[sugar] The limits of Mesh View

Eben Eliason eben.eliason at gmail.com
Sat Apr 19 02:29:16 EDT 2008


On Sat, Apr 19, 2008 at 1:18 AM, Benjamin M. Schwartz
<bmschwar at fas.harvard.edu> wrote:
>  Polychronis Ypodimatopoulos wrote:
>  | A full screen of icons would not be
>  | legible either, but was I just trying to explore the limits.
>
>  That's not exactly the limit.  Although the current designs don't call for
>  it, it would be easy enough to allow the mesh view to expand past the edge
>  of the screen, once the number of icons gets too large to show them all.
>  GTK has widgets designed for precisely this sort of infinite canvas.
>  People with whom you've communicated more recently, or people who are
>  geographically nearer to you, might migrate toward the center.

Yes, this is precisely the type of scalability solution I alluded to
before when I spoke of making the full neighborhood accessible via
search.  Effectively, we'd like to think of the screen area as a
viewport into the broader neighborhood, which happens to contain a
clustering of people and activities most relevant tot he user.
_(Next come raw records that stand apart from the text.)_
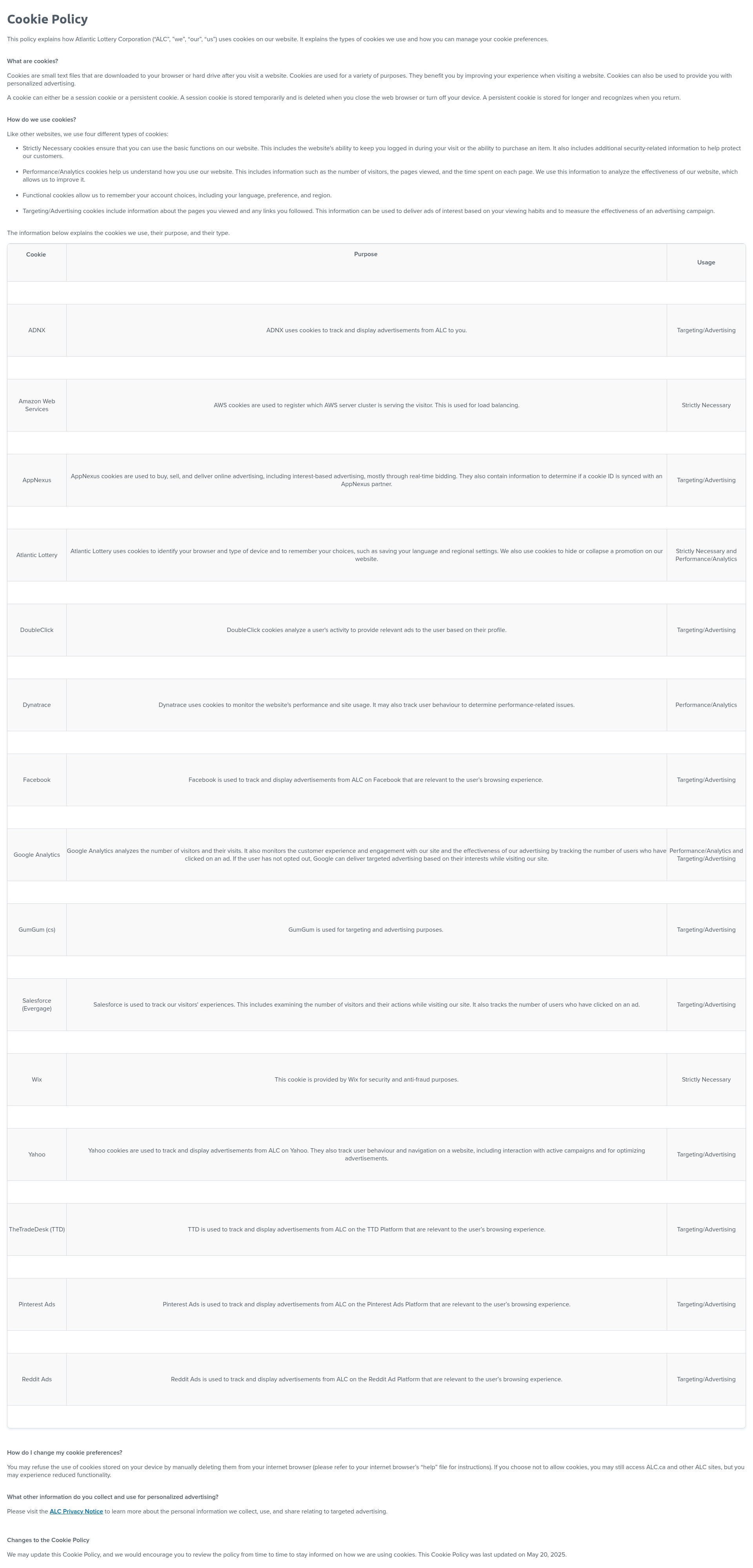 Landing Page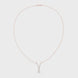 Diamond criss cross necklace with V shape pendant design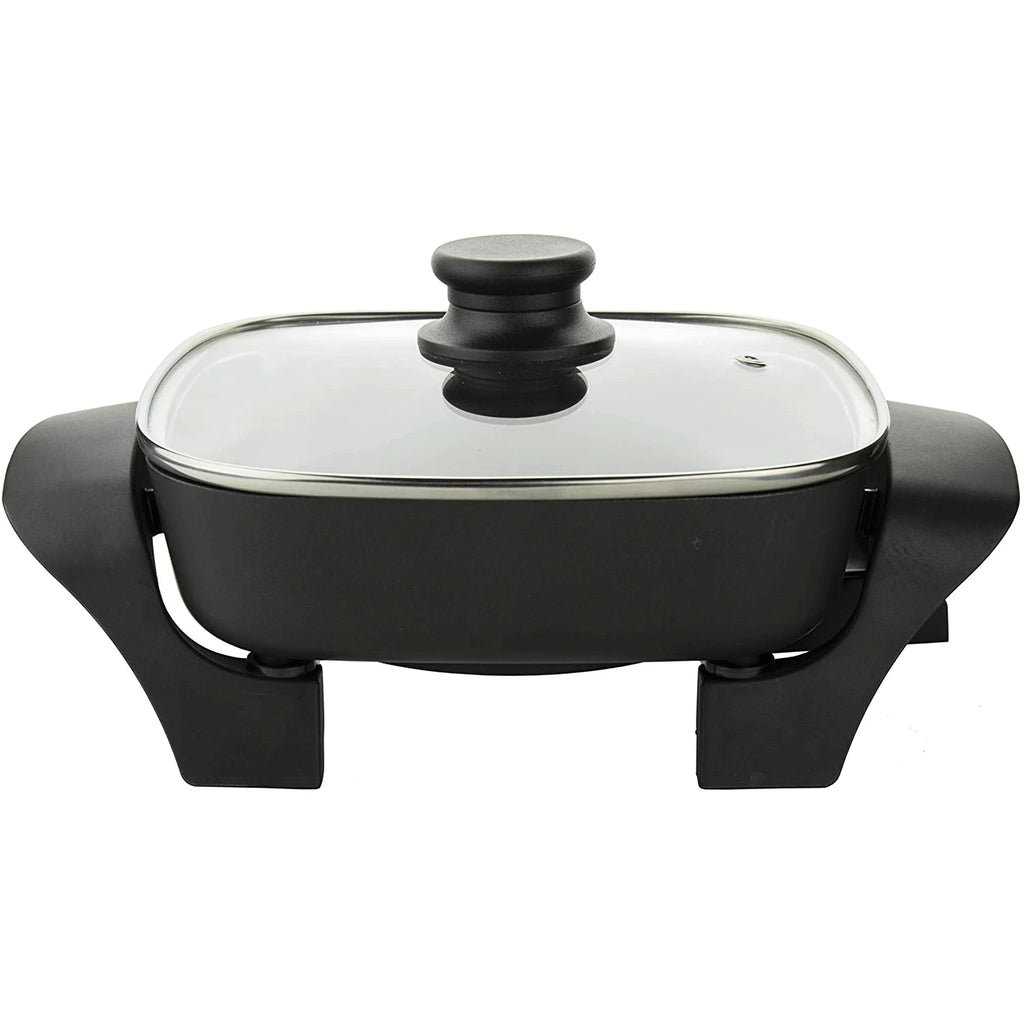 8-Inch Nonstick Electric Skillet with Glass Lid C272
Determining the heuristic for what's relevant needn't by very complex,
thought it could be, and will likely begin with friends, recent
collaborators, your favorite activities, etc.  Naturally, the search
and filter controls will serve as temporary adjustments to the
relevance of the objects on the mesh, and so the view will change in
response to them.  The main reason we didn't jump directly to this
model is because we'd very much like to emphasize the notion of the
window, and of the neighborhood as a larger continuous space, by
"sliding" the XOs, activities, and devices around the screen.  This
would also work well when illustrating XOs moving about the various
activities on screen, but also serves as a way to slide negative
matches radially outward, and positive matches inward, so as to always
keep a relevant set of icons on screen at any time.

- Eben

PS.  I think this brings up the point, by the way, that we have two
different kinds of scalability limits with regard to the view.  The
first is what Pol was initially after, which is the hard limit for
"number of icons shown on a screen of a given size", and the second is
the number of icons (and their presence info) we can realistically
manage technically.  The latter (once we fix the jabber server)
shouldn't pose much of an issue until we start thinking about
inter-school or "world" level communications.  The former, of course,
is still worth investigating, because even with the scalability
solutions listed above for intelligently moving icons on and off
screen, we need to know that limit and filter only the number through
that we can realistically show at once.